Brief descriptive captions:
+ + + + + + +

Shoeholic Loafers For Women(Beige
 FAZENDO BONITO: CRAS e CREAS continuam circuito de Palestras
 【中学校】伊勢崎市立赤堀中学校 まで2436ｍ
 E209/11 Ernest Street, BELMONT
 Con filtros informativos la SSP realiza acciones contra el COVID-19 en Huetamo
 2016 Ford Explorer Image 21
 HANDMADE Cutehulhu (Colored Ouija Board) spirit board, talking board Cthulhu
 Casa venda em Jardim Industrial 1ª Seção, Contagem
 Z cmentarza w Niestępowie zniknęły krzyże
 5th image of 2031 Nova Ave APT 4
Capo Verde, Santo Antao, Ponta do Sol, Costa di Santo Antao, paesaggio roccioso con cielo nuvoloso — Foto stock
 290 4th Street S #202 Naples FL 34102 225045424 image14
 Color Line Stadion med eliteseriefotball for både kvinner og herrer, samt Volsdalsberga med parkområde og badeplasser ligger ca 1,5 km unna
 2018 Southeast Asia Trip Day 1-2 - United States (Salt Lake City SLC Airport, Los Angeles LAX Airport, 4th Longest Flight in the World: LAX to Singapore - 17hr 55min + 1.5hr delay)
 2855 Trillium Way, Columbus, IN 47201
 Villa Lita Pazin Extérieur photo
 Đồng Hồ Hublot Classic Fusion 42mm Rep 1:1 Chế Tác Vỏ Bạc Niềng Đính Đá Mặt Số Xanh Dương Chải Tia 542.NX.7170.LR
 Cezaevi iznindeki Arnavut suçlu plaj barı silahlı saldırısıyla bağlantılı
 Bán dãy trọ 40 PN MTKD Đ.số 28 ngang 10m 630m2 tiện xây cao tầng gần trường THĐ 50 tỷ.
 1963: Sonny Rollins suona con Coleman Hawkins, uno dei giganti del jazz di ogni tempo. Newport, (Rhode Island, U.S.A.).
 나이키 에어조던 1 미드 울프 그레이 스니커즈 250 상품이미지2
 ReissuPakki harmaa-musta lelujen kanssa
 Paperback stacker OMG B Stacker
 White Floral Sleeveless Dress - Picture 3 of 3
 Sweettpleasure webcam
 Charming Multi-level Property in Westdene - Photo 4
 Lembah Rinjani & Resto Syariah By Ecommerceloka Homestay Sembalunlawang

+ + + + + + +

Directions for this task:
Check each line above for the string "Street" and return those that contain it.

Solved exercise:
 E209/11 Ernest Street, BELMONT
 290 4th Street S #202 Naples FL 34102 225045424 image14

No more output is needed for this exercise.